Chairman Ken MacKenzie paid tribute to him for transforming BHP into “a simpler and more productive company — financially strong and sharply focused on value for its shareholders”.
Marius Kloppers, in one of his first acts as chief executive, hired Mackenzie from Rio Tinto to run its non-ferrous metals business.
And when Mackenzie succeeded the go-go Kloppers, he became a steadying hand, there to unpick some of his predecessor’s legacy and strip BHP back to its four pillars of iron ore, copper, metallurgical coal and oil and gas.
In 2015, he spun out South32 in an $11bn listing of many of the businesses he had previously run as a group executive. Much of the collection of silver, lead, metallurgical and thermal coal, aluminium, nickel and manganese assets had come to BHP via its earlier merger with Billiton, where Kloppers had risen through the ranks.
And in one of his final big deals, Mackenzie sold the Petrohawk Energy shale assets — the one big acquisition Kloppers pulled off in a string of thwarted bids, including two runs at Rio and one at Potash Corp of Saskatchewan.

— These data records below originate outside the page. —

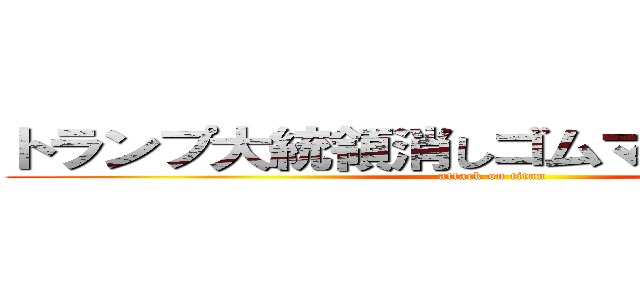 トランプ大統領消しゴムマジックで殉職 (attack on titan)
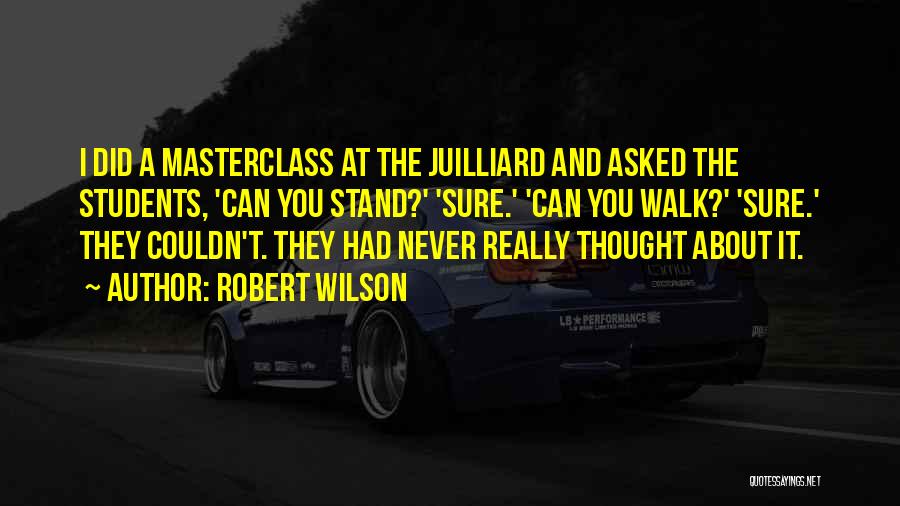 Robert Wilson Quotes: I Did A Masterclass At The Juilliard And Asked The Students, 'can You Stand?' 'sure.' 'can You Walk?' 'sure.' They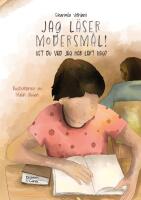 Jag l&auml;ser modersm&aring;l! Vet du vad jag har l&auml;rt mig?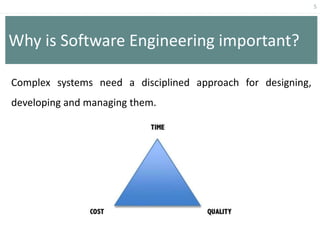 5
Why is Software Engineering important?
Complex systems need a disciplined approach for designing,
developing and managing them.
 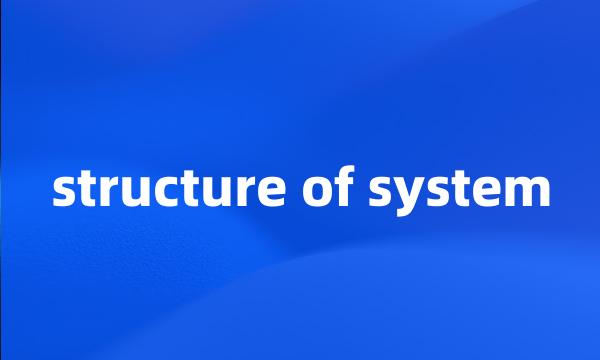 structure of system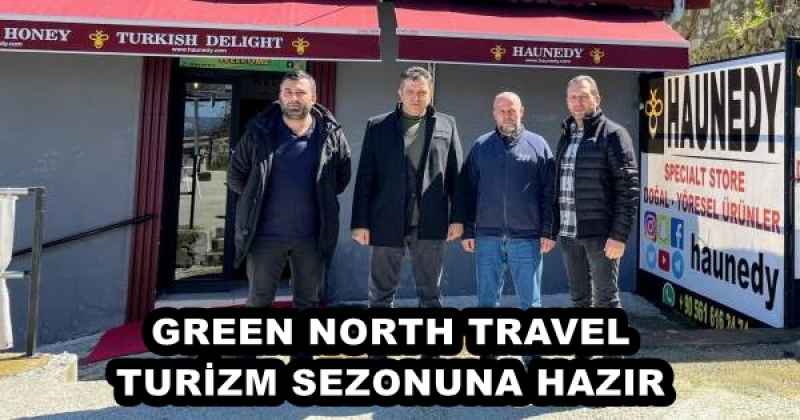 GREEN NORTH TRAVEL TURİZM SEZONUNA HAZIR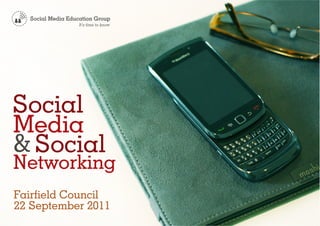 Social
Media
& Social
Networking
Fairfield Council
22 September 2011
 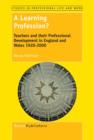 A Learning Profession? : Teachers and their Professional Development in England and Wales 1920-2000 - Book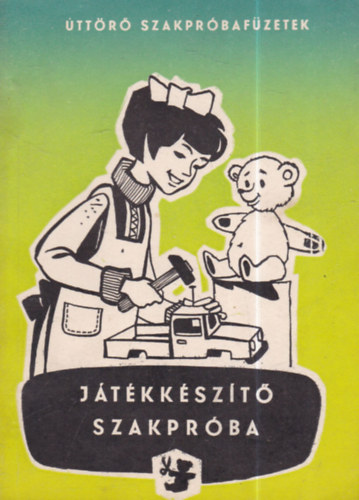 Pál István - Játékkészítő szakpróba (Úttörő szakpróbafüzetek)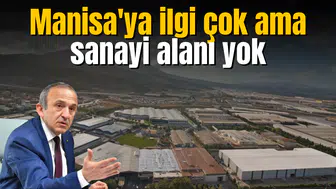 Manisa'ya ilgi çok ama sanayi alanı yok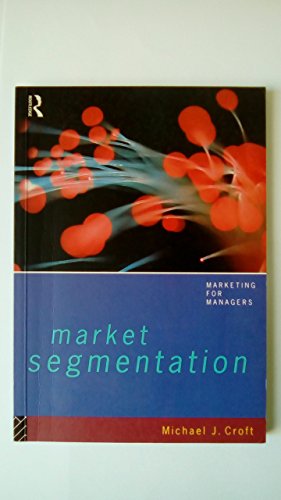 Imagen de archivo de Market Segmentation: A Step-By-Step Guide to Profitable New Business a la venta por ThriftBooks-Dallas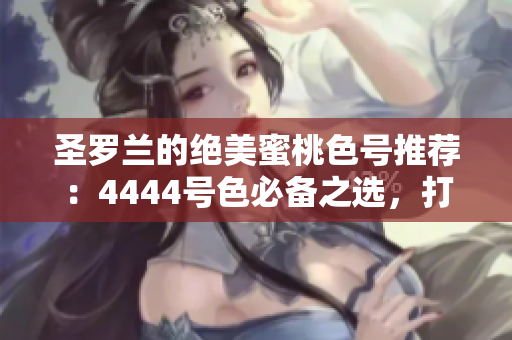 圣羅蘭的絕美蜜桃色號(hào)推薦：4444號(hào)色必備之選，打造你的完美夏日妝容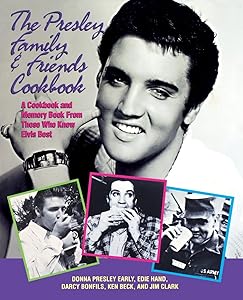 The Presley Family & Friends Cookbook by Donna Presley Early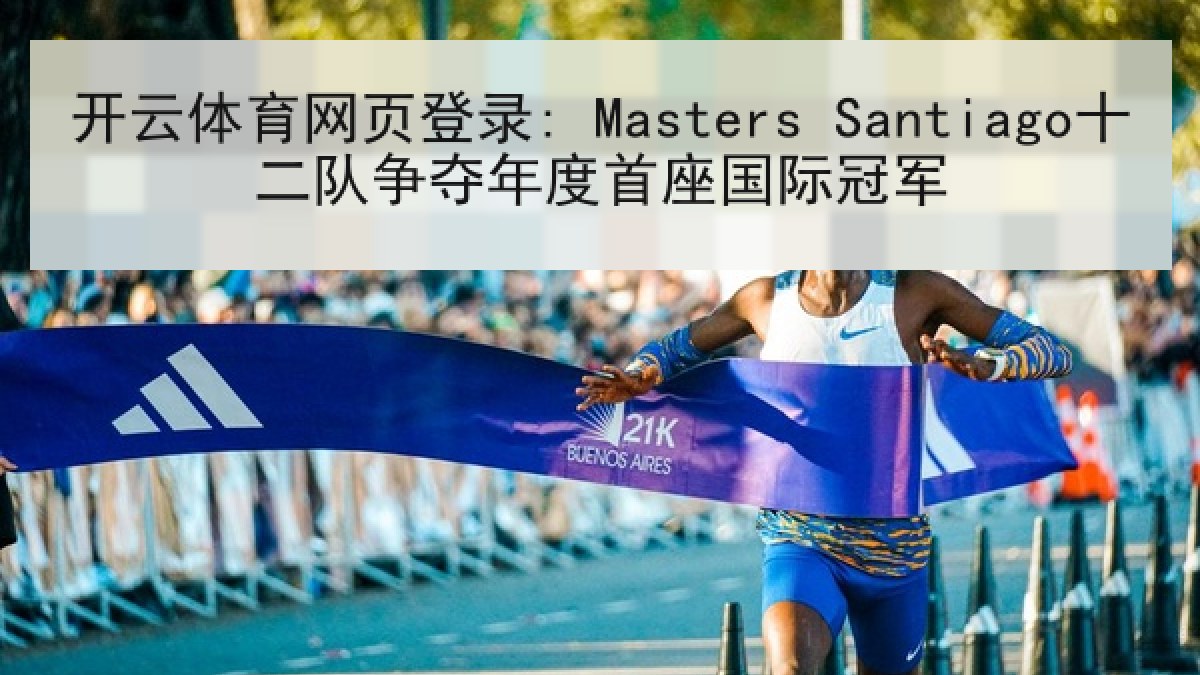 开云体育网页登录: Masters Santiago十二队争夺年度首座国际冠军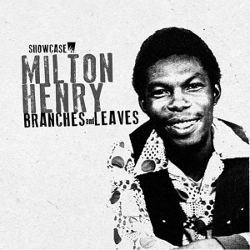 Milton Henry - Branches and Leaves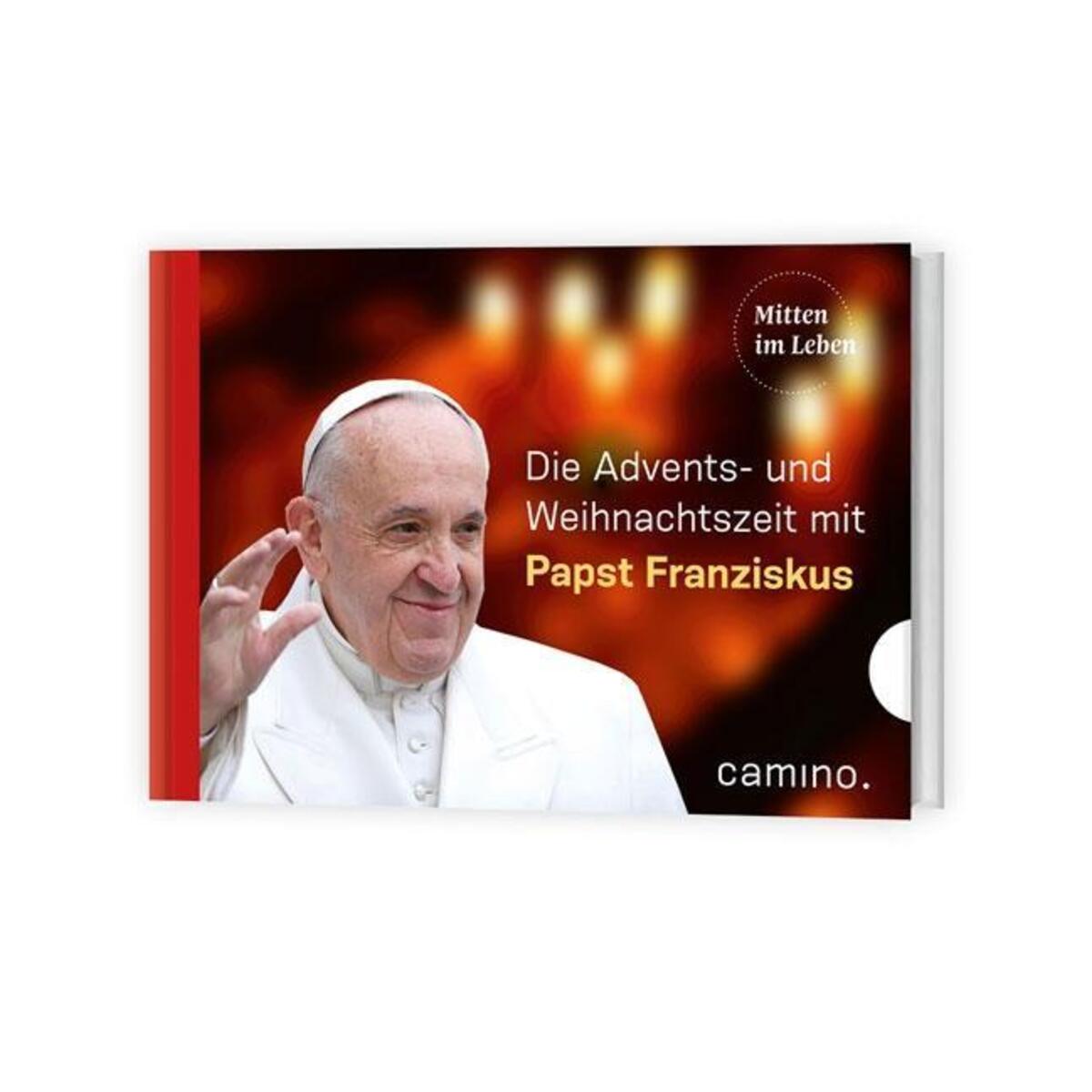 Die Advents- und Weihnachtszeit mit Papst Franziskus Die Advents- und Weihnachtszeit mit Papst Franziskus von camino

That last deal might be said to have been done under duress, with hedge fund Elliott Management waging a public campaign for asset sales and an end to the dual-listing structure — another legacy of the Billiton deal — that sees BHP’s London-listed shares trade at a sustained discount to the ASX scrip.
BHP was estimated to have spent $US40bn on Petrohawk since 2011, and dusted half of that sum — after including cash flows — by June last year when it was sold to BP for $US10.8bn.
Those two deals alone account for most of the $34bn fall in the market value of BHP over Mackenzie’s time. But the $10.4bn in special dividends and buybacks funded by the Petrohawk sale mean Mackenzie leaves boasting of record shareholder returns. Margins ran at 50 per cent in the latest result, and the return on capital at 18 per cent, a testament to strong resource prices and cost-cutting by management.
His chairman makes a possibly bolder claim for Mackenzie’s tenure: that his hard work “has changed the way we operate and quite frankly the way that we engage with the world”.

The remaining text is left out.